Sayın Bin Davut Türkiye-Ürdün İş Forumu’na katıldı. Stratejik isteklerini paylaştı. “Ürdün’ün istikrarı bizim için oldukça önemli. Eminiz ki Ürdünlü dostlarımız da Türkiye için aynı düşüncededir. İpek Yolu üzerinde bu coğrafyanın ayağa kalkmasını istiyoruz. Ürdün’le deniz seferleri başlatmayı düşünüyoruz.
“Akabey ile İskenderun arasında Ro-Ro seferleri düşünüyoruz. Amman’a metrobüs projelerine talibiz. Kızıldeniz’le Ölü Deniz Arasındaki Su Projesine talibiz” dedi.
Bu taleplerin ne kadarı gerçekleşir zaman gösterecek. Ancak tam da Davutoğlu’nun Amman’da bulunduğu esnada Sultan 2.ci Abdullah Türkiye’ye ve İsrail’e karşı müthiş iddialarda bulundu. İsrail’in terörist olarak kabul edilen El-Nusra’ya ev sahipliği yaptığı ve desteklediği ifadesinin İsrail’e rağmen yapıldığına ihtimal vermiyoruz.

GEMİYİ TERK ETME HAZIRLIĞI
Lakin Sultan Abdullah’ın Türkiye için dile getirdiği iddialar bizi şaşırtmadı. Suriye meselesinde Ürdün’ün gemiyi terk etmeye başladığı ve Suriye faturasını, efendilerinin teveccühüne binaen, halen batan geminin feleğinden kurtulamayan ve değerli yalnızlık türküsü söyleyen Türkiye’ye kestiğini görüyoruz. Davutoğlu’nun business yapmak istediği Sultan, Türkiye Avrupa’ya bilinçli olarak terörist ihraç ediyor, IŞİD petrolünü Türkiye’ye satıyor, Türkiye bölgeyi bir Radikal İslam’a dönüştürmek istiyor, “Türkleri (Ankara’nın sorumluluğunu) Kosova, Arnavut devlet başkanlarına ve Somali’ye sorun” diyor. Sultan, ABD’li Senatörlere, Suriye ve bölgenin istikrarsızlaştırılması ve terör ihracında Türkiye’nin sahip olduğu aktif rolü anlatıyor.

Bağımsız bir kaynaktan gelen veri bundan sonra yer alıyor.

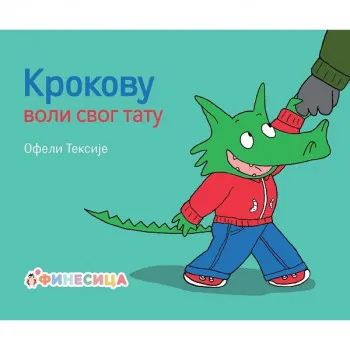 Krokovu voli svog tatu 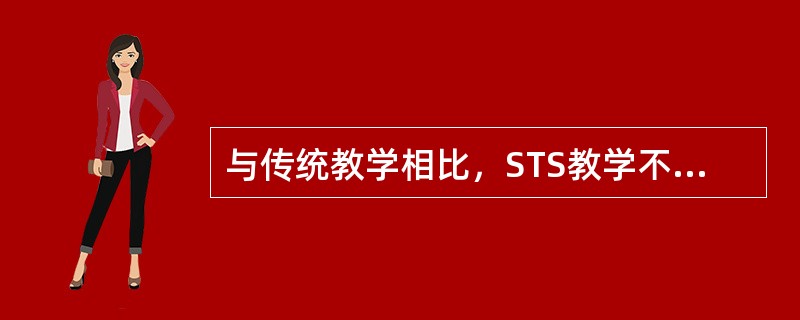 与传统教学相比，STS教学不具有的特点是（）。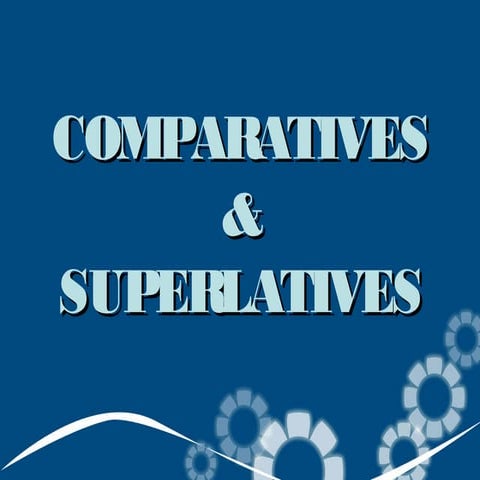 Comparatives and superlatives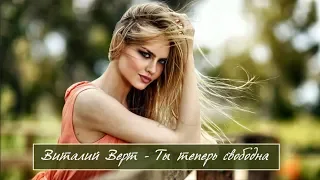 Просто Обалденная Песня !!! Встречайте !!! Виталий Верт - Ты Теперь Свободна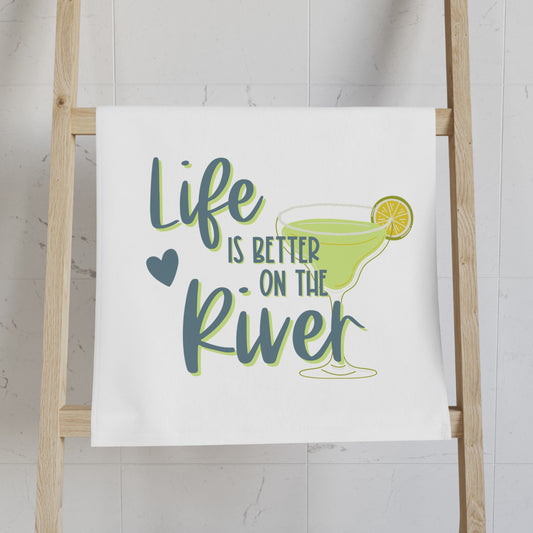 Life Is Better On The River Hand Towel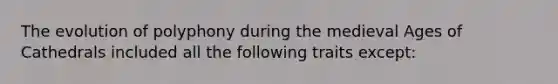 The evolution of polyphony during the medieval Ages of Cathedrals included all the following traits except: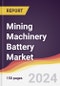 Mining Machinery Battery Market Report: Trends, Forecast and Competitive Analysis to 2030 - Product Image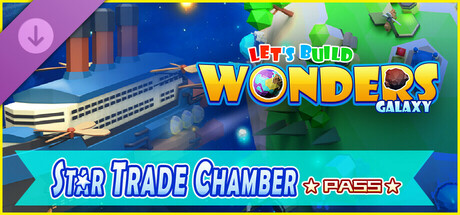 Let's Build Wonders: Galaxy — Star Trade Chamber Pass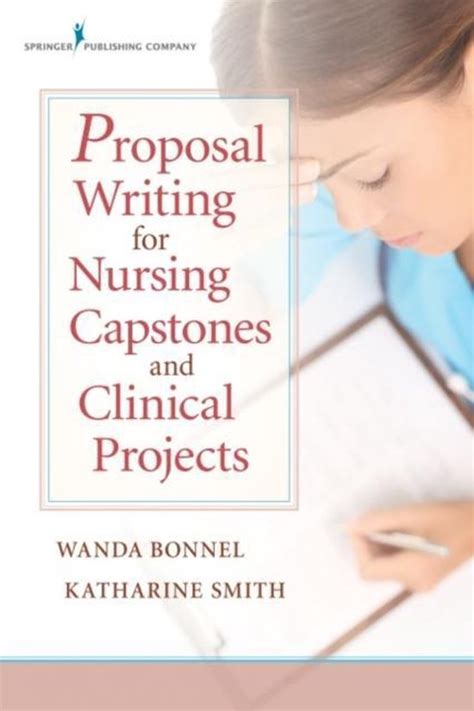 Proposal Writing for Nursing Capstones and Clinical Projects Doc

Sultan’ın kankası Bin Davud’un bu iddialara cevap vermemesi ve Türkiye’deki malum medyanın iddialara üç maymun kalması manidardı. Ne mi diyebilirdi? Ey Sultan Abdullah! diye başlar ve şu anlamlı hikayeyi anlatabilirdi:
“Evvel zaman içinde 2 yakın arkadaş varmış. Çok kıymet verdikleri bir eşek varmış. Ecel gelmiş ve eşek ölmüş. Kıymetlilerine şirin bir mezar yapmışlar, ardından mezarın etrafını duvarla çevrelemişler. Her gün mezarı ziyaret etmiş, çiçek bırakmışlar dua etmişler. Bunları gören yakın köy sakinleri mezarın sırrı ve hikmetini sormuş. 2 arkadaş, burada çok kıymetli, ermiş ve bilge bir varlığımız yatıyor demiş. Bu sefer köylü mezarda yatanın ermişliğinden medet umar olmuş. İşin başında az olan ziyaret sayısı gün geçtikçe artmış. Gelenler yemek ve poara bırakmış dilekte bulunmuş. 2 arkadaş bu işe çok sevinmiş ve çok kazanmış. Çok kazanınca mangırları paylaşımda sorun yaşanmaya başlanmış. Karşılıklı ithamlar olmuş. Arkadaşlardan birisi, ‘Aha şu mezarda yatan ermiş üzerine yemin ederim ki paradan çalmıyorum’ demiş. Diğer arkadaş ağzı açık dinlemiş: Ula demiş eşeği beraber gömmedik mi? Beraber gömmeseydik eşşeği bana bile ermiş diye yutturacaksın be şerefsiz demiş.”
Bu öyküyü anlatır ardından kükrer, “Ey İngiliz asıllı çakma Sultan, Suriye’nin altına dinamit döşeyelim diye bu yola beraber çıkmadık mı?” diye sorabilir.